Général Mamady Doumbouya,
Je vous adresse cette lettre non pas avec hostilité, mais avec conviction et un profond sens du devoir envers le peuple de Guinée, envers l’Afrique, et envers les principes de justice, de souveraineté et de gouvernance démocratique.
Lorsque vous êtes apparu en tant que chef du Comité National du Rassemblement pour le Développement (CNRD), l’espoir a jailli dans les cœurs de nombreux Guinéens et Africains. Vous avez parlé de mettre fin à la corruption, de restaurer la dignité et de réécrire l’histoire de la gouvernance guinéenne. Le peuple a écouté. Le monde a écouté. Il y a eu un moment — bref mais puissant — où l’espoir d’une véritable transformation semblait possible.
Mais au fil du temps, cet espoir s’est peu à peu transformé en doute.
Aujourd’hui, je viens vous rappeler une vérité éternelle : Vox populi, vox Dei — la voix du peuple est la voix de Dieu. C’est une maxime plus ancienne que les nations, plus durable que les régimes. Elle nous enseigne que la véritable autorité ne provient ni de la force militaire ni de la stratégie politique, mais du consentement et des aspirations du peuple.
Aucune tenue militaire, aucun grade, aucune idéologie ne peut remplacer la légitimité accordée par la confiance populaire. Et lorsque cette confiance est trahie — ou retardée sous le poids de promesses non tenues — ce n’est pas seulement la stabilité politique qui vacille, mais l’âme même de la nation.
Général Doumbouya, la voix du peuple guinéen se fait de plus en plus entendre. Il ne réclame ni guerre ni désordre, mais le droit de choisir, de façonner son avenir, de parler sans peur, de voter sans compromis. Si vous êtes véritablement venu pour servir, alors il est temps d’écouter — non pas ceux qui vous flattent, mais les citoyens ordinaires dont la patience atteint ses limites.
L’histoire nous enseigne qu’il existe deux types de dirigeants : ceux qui s’accrochent au pouvoir jusqu’à ce qu’il les écrase, et ceux qui s’élèvent au-dessus de l’ego pour offrir à leur nation une destinée plus grande.
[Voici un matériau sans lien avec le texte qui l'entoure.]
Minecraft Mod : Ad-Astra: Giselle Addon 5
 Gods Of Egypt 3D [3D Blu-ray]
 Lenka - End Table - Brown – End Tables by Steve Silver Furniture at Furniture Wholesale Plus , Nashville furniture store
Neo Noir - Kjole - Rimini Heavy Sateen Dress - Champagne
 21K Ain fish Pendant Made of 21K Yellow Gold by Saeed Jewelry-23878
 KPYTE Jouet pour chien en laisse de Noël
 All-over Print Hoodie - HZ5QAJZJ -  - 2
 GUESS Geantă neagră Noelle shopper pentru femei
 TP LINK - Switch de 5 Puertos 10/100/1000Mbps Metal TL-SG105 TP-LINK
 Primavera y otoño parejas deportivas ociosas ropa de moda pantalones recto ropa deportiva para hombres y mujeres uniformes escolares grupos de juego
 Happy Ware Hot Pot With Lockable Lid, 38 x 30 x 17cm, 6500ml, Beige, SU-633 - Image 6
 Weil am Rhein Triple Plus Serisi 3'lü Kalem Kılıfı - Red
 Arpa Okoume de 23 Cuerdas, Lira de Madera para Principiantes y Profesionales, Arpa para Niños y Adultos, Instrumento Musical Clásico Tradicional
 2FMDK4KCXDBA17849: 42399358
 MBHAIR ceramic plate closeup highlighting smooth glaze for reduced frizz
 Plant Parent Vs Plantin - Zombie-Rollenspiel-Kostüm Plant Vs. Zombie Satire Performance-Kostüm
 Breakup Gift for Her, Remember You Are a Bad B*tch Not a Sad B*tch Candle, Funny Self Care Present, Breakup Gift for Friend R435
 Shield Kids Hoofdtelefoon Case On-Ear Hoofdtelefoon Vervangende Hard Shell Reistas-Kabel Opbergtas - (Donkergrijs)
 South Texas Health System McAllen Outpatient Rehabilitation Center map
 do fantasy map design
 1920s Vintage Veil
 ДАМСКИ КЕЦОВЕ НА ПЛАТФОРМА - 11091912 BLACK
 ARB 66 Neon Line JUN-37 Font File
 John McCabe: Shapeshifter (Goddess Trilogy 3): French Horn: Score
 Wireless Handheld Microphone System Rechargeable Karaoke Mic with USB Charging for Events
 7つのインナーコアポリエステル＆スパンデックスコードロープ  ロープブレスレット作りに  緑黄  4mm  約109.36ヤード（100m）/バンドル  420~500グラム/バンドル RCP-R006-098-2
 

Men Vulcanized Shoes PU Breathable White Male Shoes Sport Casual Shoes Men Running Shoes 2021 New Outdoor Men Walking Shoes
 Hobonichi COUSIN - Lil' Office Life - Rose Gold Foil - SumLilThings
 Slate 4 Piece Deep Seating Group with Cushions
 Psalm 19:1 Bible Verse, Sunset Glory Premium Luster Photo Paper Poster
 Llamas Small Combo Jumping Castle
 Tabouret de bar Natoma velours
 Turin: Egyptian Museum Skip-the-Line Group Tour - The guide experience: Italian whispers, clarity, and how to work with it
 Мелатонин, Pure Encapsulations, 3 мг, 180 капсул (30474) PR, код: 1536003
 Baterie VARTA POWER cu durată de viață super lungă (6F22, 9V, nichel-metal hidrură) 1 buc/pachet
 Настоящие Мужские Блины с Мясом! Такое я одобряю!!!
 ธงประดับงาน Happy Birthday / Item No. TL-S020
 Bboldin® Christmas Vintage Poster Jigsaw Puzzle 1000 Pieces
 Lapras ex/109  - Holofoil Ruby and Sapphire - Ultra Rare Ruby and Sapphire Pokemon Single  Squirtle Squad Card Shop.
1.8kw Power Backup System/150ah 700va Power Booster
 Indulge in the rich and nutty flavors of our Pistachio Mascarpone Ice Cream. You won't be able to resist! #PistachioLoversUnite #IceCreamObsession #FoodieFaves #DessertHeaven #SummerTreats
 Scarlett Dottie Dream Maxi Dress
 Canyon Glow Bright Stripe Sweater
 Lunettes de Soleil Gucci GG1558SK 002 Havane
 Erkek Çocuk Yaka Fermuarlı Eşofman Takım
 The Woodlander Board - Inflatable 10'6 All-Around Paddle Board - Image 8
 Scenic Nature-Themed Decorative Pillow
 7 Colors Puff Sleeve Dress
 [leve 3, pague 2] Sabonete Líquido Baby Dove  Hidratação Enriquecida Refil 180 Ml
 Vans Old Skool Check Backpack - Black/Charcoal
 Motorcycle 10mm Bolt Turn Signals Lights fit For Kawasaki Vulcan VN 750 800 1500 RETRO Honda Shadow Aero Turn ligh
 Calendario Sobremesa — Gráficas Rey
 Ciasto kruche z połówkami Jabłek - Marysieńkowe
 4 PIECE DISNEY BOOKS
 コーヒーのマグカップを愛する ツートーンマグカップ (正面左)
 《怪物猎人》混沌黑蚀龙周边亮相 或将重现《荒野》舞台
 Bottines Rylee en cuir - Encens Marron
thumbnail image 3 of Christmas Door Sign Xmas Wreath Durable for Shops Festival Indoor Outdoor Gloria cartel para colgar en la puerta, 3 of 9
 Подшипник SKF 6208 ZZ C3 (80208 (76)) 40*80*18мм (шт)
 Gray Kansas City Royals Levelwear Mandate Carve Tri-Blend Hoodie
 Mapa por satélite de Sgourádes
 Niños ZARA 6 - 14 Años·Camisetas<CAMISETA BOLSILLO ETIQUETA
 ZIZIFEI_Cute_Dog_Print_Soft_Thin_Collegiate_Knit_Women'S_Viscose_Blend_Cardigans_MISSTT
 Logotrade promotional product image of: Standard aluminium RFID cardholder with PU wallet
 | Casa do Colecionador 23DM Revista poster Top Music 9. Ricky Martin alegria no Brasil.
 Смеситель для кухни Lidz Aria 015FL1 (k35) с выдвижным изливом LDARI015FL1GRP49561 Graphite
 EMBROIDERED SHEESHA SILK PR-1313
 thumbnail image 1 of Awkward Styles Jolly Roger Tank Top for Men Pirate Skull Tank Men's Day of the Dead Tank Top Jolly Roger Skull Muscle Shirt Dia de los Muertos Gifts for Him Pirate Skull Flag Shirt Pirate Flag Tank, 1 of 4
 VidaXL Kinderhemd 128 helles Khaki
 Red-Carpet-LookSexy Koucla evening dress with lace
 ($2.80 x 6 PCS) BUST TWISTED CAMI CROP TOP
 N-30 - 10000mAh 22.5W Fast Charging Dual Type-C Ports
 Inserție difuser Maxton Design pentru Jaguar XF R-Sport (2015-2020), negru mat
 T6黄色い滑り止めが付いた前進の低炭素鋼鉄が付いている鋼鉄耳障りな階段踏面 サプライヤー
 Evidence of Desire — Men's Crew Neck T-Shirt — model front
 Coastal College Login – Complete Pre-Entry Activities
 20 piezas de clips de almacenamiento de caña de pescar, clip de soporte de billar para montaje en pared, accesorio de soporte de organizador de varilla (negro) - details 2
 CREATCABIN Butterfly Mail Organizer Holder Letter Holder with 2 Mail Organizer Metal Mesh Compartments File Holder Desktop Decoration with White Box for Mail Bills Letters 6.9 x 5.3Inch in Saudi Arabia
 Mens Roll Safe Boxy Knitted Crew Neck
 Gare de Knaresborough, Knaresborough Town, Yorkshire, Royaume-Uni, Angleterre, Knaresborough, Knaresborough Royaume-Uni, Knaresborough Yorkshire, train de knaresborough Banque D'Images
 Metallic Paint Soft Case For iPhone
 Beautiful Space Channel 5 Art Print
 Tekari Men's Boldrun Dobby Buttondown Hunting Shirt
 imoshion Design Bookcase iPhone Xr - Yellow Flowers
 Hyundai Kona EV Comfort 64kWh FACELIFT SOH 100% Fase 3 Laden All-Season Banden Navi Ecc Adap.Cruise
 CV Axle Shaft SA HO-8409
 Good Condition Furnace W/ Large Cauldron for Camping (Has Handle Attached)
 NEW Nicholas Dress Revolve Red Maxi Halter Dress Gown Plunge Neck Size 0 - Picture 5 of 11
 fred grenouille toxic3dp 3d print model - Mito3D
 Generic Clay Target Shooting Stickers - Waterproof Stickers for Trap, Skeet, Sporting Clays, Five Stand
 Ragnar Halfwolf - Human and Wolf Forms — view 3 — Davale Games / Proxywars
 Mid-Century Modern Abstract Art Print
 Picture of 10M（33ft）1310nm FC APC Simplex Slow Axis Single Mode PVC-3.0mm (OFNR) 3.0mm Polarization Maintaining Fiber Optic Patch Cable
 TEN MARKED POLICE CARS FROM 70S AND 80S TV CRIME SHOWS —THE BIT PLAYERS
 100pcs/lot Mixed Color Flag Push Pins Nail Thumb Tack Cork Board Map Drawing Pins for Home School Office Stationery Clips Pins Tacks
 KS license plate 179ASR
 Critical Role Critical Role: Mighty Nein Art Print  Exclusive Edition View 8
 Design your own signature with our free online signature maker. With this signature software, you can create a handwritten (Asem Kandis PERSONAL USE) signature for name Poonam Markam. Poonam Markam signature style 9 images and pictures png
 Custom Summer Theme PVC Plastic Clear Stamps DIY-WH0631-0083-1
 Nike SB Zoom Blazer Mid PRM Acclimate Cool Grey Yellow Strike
Vous avez encore la possibilité d’être de ceux-là.
Mais comment parler de réconciliation et de justice quand des voix comme celles de Foniké Mengué, Billo Bah, Habib Marouane et tant d’autres sont réduites au silence par la disparition, l’intimidation ou la détention arbitraire ? Ces hommes représentent la conscience citoyenne d’un peuple en quête de liberté. Leur absence n’est pas seulement un drame humain — c’est une tache sur la promesse que vous avez faite à la nation.
Ne laissez pas la Guinée devenir un chapitre de plus dans le long récit des trahisons des transitions africaines. Faites-en un exemple. Que votre nom ne soit pas celui d’un militaire de plus qui a saisi le pouvoir, mais celui d’un patriote qui l’a rendu au peuple.
Le monde vous regarde. Votre peuple attend.
Vox populi, vox Dei.
Avec respect et espoir inébranlable,
Abdoulaye Koleinkeh citoyen concerné.